*** DATASET ***

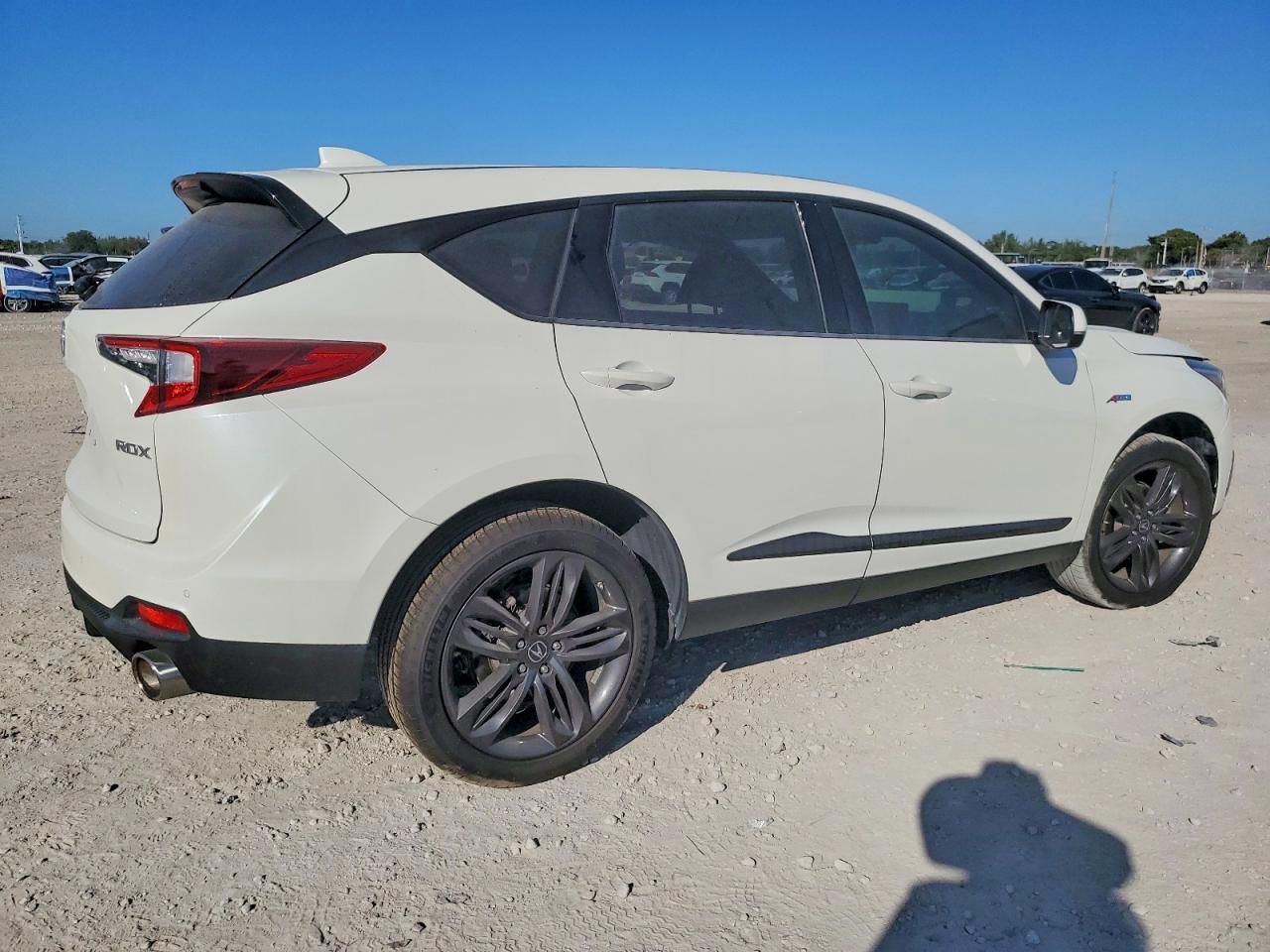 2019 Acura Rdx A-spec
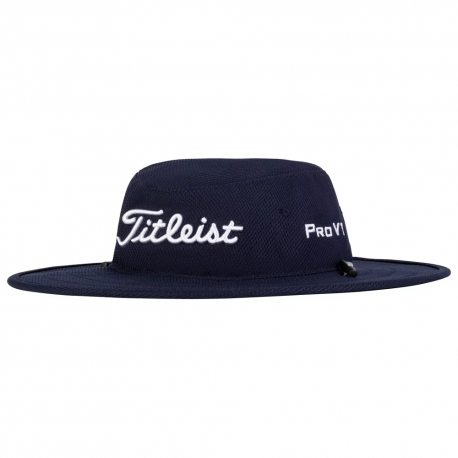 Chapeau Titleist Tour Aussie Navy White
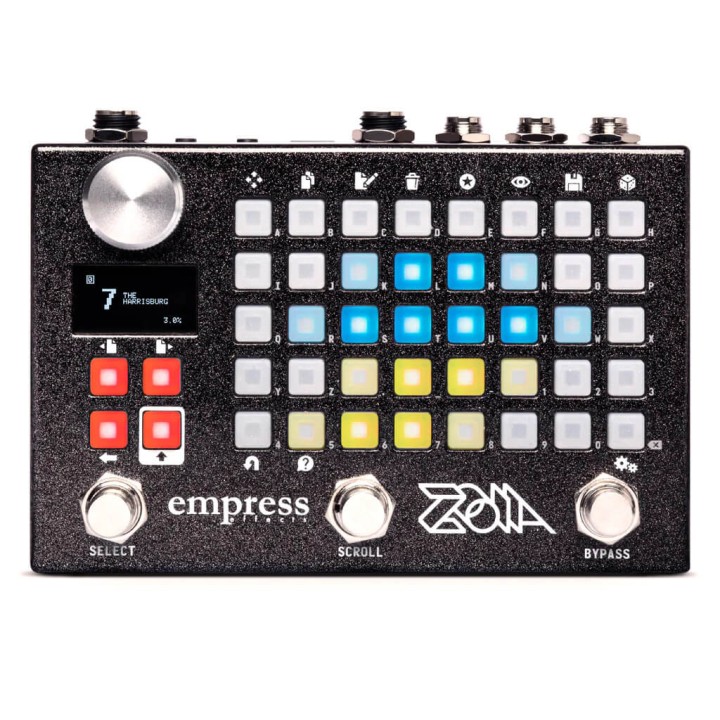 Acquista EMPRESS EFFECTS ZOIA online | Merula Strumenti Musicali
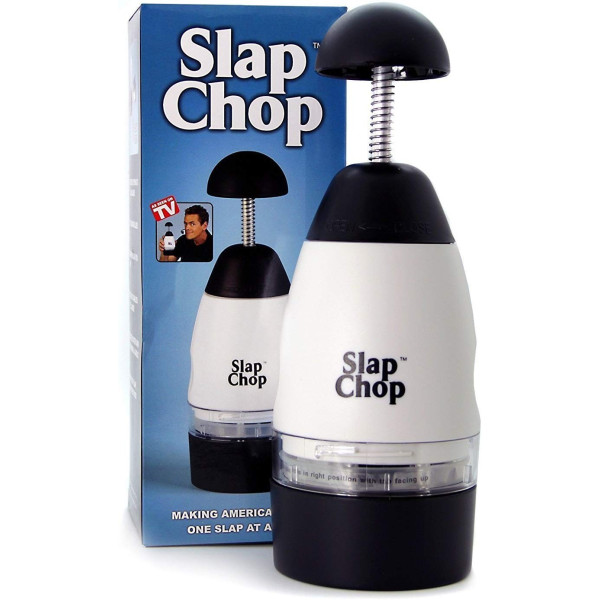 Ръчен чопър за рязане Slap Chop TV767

*** End of DATASET ***
*** DATASET ***

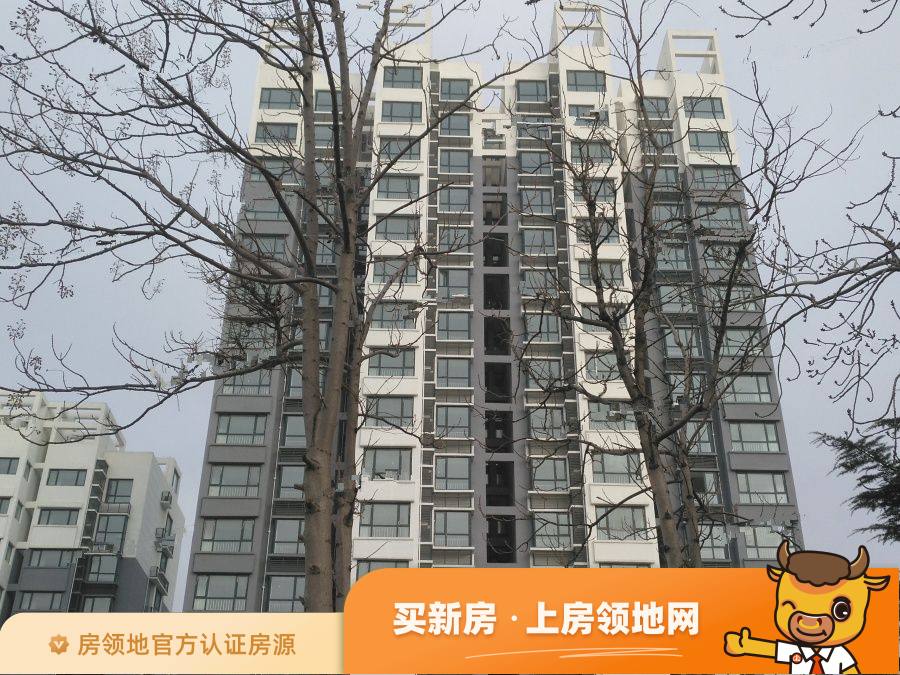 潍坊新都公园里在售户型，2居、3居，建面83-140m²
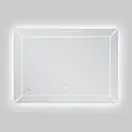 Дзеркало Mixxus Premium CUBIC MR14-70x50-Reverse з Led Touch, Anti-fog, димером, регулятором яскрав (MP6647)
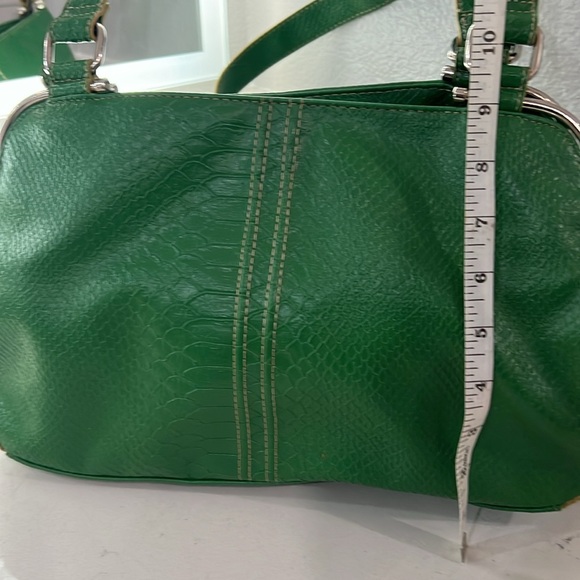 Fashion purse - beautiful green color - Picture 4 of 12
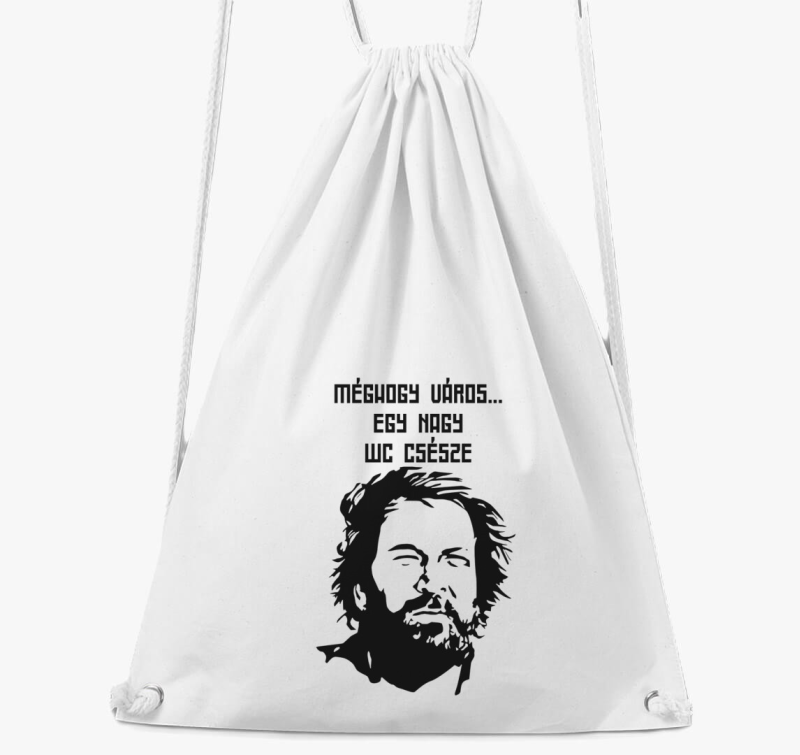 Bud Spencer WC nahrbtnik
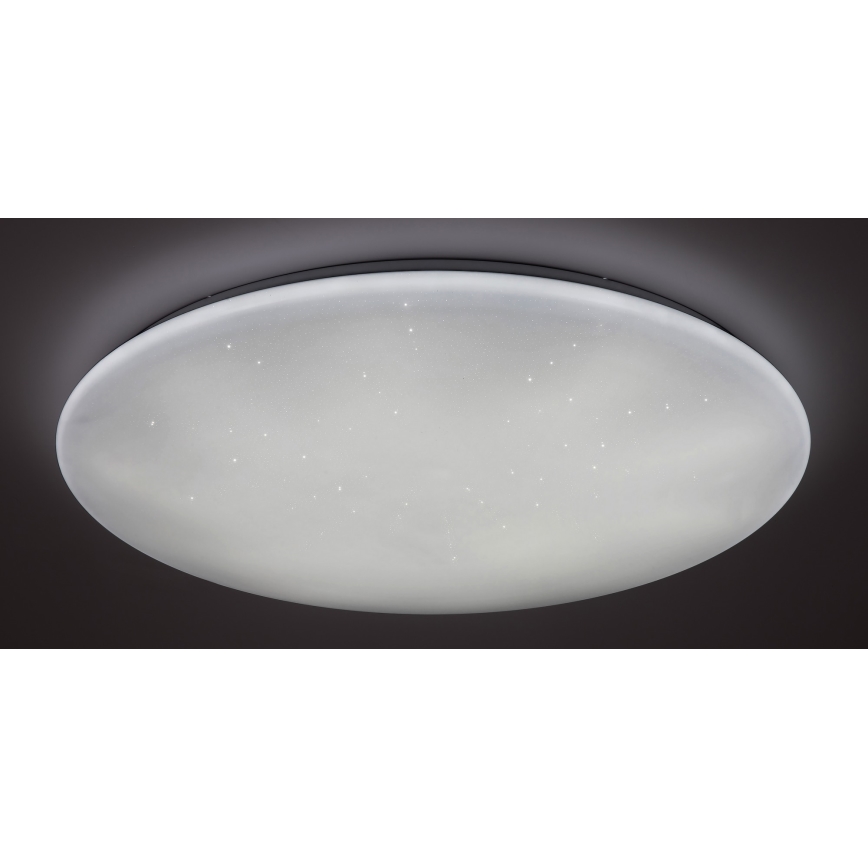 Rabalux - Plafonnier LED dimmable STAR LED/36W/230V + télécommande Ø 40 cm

*** End of DATASET ***
*** DATASET ***

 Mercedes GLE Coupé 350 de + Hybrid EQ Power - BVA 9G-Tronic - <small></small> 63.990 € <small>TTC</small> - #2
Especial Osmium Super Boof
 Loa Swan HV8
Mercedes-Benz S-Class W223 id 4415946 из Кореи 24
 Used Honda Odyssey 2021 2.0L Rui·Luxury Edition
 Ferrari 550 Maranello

*** End of DATASET ***

• _TASK ITEM_: Write out exactly the lines above between the one with "2019 Acura Rdx A-spec" and the one with "Ръчен чопър за рязане Slap Chop TV767", inclusive, with pictures left out.

• _EXERCISE RESULT_:
 2019 Acura Rdx A-spec
 Chapeau Titleist Tour Aussie Navy White
 Acquista EMPRESS EFFECTS ZOIA online | Merula Strumenti Musicali
 Ръчен чопър за рязане Slap Chop TV767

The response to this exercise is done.